--- Exercise materials ---
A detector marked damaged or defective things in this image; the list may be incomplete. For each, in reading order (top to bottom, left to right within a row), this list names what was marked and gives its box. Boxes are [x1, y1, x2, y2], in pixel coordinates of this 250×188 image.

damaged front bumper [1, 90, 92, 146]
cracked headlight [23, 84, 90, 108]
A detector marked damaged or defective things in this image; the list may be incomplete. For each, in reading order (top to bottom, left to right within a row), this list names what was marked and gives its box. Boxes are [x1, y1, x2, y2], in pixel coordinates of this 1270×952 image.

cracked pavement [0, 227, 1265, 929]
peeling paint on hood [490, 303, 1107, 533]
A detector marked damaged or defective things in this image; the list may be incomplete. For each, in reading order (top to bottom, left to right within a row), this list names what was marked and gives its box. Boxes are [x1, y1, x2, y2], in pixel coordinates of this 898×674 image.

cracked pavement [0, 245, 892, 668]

* * *

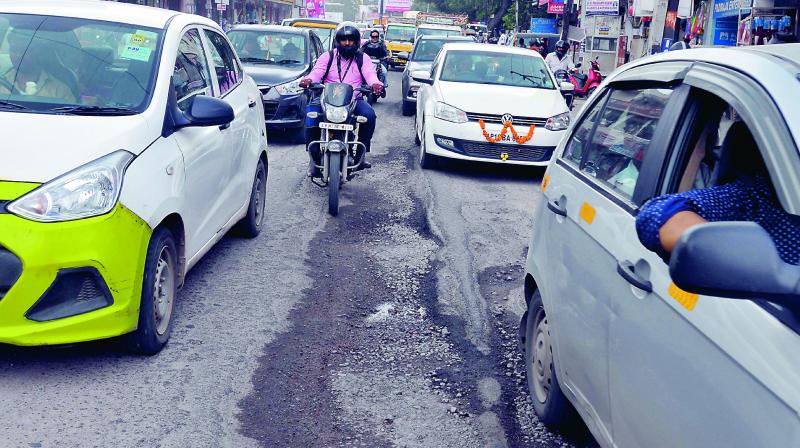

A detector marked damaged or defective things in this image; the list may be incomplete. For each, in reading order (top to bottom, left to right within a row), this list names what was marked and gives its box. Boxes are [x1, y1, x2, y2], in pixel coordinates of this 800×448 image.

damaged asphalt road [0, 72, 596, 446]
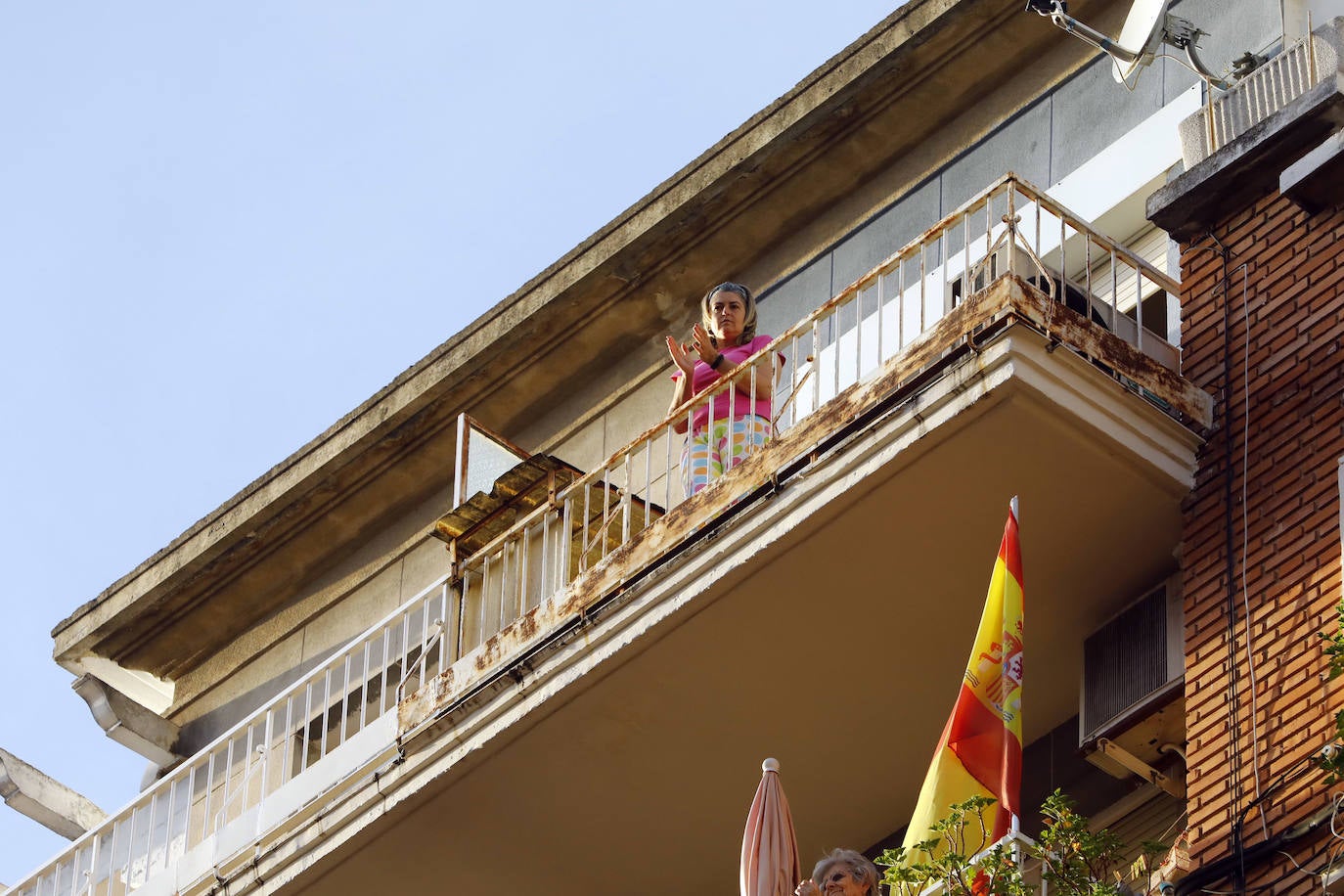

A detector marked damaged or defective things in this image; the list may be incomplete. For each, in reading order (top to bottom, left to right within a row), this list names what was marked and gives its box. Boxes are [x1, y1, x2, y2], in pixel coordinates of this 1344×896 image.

--

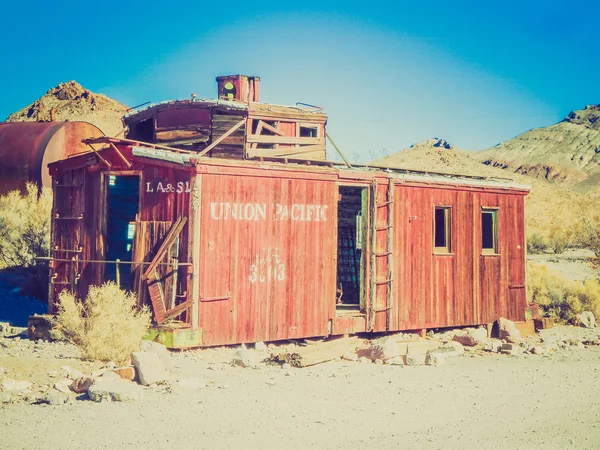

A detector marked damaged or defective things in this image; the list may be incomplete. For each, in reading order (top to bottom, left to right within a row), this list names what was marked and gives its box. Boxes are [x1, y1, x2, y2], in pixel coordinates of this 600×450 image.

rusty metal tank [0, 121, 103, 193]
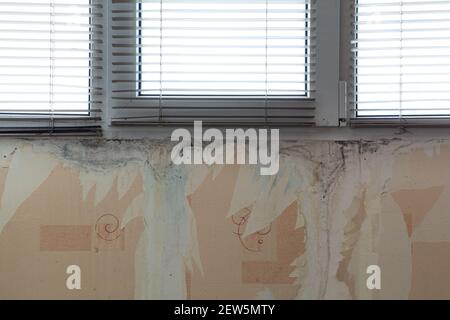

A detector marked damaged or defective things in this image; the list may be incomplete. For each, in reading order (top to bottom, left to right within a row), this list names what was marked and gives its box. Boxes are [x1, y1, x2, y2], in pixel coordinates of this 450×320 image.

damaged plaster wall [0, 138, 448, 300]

--- Exercise brief ---
Using the entries above, reproduce word for word only the lines from the one that contains "this 800×448 image." to the one that contains "this 1344×896 image.", both ends included, and drop every picture.

--- Task output ---
A detector marked damaged or defective things in this image; the list may be incomplete. For each, in reading order (top to bottom, left to right within a row), this list names what was marked and gives its box. Boxes are [x1, y1, x2, y2], in pixel coordinates of this 800×448 image.

damaged asphalt road [0, 72, 596, 446]

A detector marked damaged or defective things in this image; the list may be incomplete. For each, in reading order (top to bottom, left to right within a row), this list names what was marked and gives its box. Boxes are [x1, y1, x2, y2], in pixel coordinates of this 1344×896 image.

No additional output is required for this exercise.